The question is: Will Arizona and other Western states be ready when the market turns back up?

A rite of statehood

When territories achieved statehood, the federal government gave them millions of acres of lands, often in small parcels scattered across the state in a checkerboard pattern. Although the enabling legislation differed from state to state, they were required to create a trust to manage the land, put it to its “highest and best use,” and use the revenues to finance public education.

Some states, such as Nevada and California, sold off most of their land almost immediately. Others leased it out to ranchers and farmers, or struck agreements with timber and mining companies. Today, 23 states, including most states west of the Mississippi River, plus Wisconsin and Mississippi, maintain some land in trust. Texas has the most state land, with 20.3 million acres, much of it leased for oil drilling.

During the housing boom of the past decade, new suitors began to approach state governments. Raw land — once only valued for what could be mined, grazed or harvested from it — became valuable in its own right, as a place to put houses on the fringes of ever-expanding metro areas.

Arizona led the way. Although only a tiny fraction of its state trust land was attractive to developers, the Arizona State Land Department was able to wring eye-popping revenues from sales to developers thanks to the breakneck pace of Phoenix-area growth.

In 2003, then-Governor Janet Napolitano appointed Mark Winkleman to lead the department. Winkleman, who left in 2009, was the first director to come from a real estate background. “We worked pretty hard in my time there to put ourselves in a position to take advantage,” Winkleman says.

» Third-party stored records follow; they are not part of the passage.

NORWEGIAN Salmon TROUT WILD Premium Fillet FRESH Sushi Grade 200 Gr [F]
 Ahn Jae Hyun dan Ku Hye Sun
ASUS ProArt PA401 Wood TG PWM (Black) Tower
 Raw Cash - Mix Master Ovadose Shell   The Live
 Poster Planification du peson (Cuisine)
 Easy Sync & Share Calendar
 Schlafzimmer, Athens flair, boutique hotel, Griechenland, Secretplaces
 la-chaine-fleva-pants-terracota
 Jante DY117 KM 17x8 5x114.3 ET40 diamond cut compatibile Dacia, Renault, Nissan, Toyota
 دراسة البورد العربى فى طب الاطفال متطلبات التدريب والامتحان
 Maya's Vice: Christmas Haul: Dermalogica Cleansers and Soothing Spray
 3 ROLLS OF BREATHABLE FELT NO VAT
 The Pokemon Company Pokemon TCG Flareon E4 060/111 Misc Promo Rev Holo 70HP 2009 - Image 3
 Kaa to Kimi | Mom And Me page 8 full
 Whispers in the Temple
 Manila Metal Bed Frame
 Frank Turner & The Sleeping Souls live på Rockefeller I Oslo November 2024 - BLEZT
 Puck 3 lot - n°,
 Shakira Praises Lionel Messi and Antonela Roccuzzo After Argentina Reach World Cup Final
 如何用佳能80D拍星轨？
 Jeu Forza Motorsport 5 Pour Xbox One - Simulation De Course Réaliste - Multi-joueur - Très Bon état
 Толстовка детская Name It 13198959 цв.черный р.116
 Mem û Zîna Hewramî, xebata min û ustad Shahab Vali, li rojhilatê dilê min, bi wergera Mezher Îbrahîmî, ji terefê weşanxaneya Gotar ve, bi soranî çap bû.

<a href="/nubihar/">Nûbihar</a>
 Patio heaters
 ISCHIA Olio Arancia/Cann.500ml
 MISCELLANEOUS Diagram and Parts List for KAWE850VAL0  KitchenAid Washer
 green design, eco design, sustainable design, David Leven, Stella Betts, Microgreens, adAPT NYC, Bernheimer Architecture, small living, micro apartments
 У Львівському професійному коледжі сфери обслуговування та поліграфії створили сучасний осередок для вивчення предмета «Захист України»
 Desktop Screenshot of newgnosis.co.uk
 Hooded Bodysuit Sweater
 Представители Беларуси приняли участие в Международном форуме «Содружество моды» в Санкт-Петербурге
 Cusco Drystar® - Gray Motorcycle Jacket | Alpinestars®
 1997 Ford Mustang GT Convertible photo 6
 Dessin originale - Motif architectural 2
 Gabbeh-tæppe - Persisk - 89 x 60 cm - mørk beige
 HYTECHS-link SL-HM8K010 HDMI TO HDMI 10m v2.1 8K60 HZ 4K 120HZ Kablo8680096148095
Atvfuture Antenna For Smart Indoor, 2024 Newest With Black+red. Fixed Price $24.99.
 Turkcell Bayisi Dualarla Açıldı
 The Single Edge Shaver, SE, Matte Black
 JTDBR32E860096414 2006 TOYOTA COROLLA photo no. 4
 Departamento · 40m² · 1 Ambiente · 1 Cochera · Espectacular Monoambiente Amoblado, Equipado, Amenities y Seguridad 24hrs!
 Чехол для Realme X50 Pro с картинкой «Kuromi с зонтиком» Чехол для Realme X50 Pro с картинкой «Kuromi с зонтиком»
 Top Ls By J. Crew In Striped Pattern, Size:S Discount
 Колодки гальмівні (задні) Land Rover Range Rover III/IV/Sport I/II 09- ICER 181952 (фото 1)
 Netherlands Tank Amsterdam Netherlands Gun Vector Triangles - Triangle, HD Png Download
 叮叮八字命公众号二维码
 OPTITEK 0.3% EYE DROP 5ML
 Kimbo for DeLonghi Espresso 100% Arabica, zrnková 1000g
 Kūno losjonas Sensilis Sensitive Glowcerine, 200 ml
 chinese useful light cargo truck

Revenue from land sales rose from almost $127 million in 2003 to $544 million three years later.

In Utah, the School and Institutional Trust Lands Administration struck deals with developers to build on thousands of acres, mostly in Washington County in the Southwestern corner of the state. Development revenue jumped from $15 million in 2003 to $45 million in 2007. In Idaho, revenue from the sale of land increased by more than 600 percent between 2002 and 2007, from $1.1 million to $7 million. “These lands have really been in many ways undervalued,” Souder says. “The trust beneficiaries didn’t pay much attention to them, although that has changed in the last 10 years or so.”

As the pace of development grew faster — and states made more money for their schools — conflicts arose. Environmentalists worried that fragile land was being gobbled up with no regard for conservation. Their opponents weren’t just developers but also school advocates, who were hungry for more revenues. And local governments sometimes sparred with the state over the impact all the new development was having on local services.

Brian Boyle, a former land commissioner in Washington State, where commissioners are elected, says politics goes with the job. “There’s always a political furor that you run into with local legislators about a little parcel of land that some constituency wants to hang on to or when a subdivision doesn’t want the next parcel to be developed or they want the forest not to be cut.”

By law, the agencies have to earn as much money as they possibly can for schools, which makes it very difficult to legally set land aside for conservation.

In Arizona, a ballot measure in 2006 to carve out conservation areas from the state’s land holdings went down after ranchers and home builders opposed it. Another attempt, in 2008, failed for lack of signatures.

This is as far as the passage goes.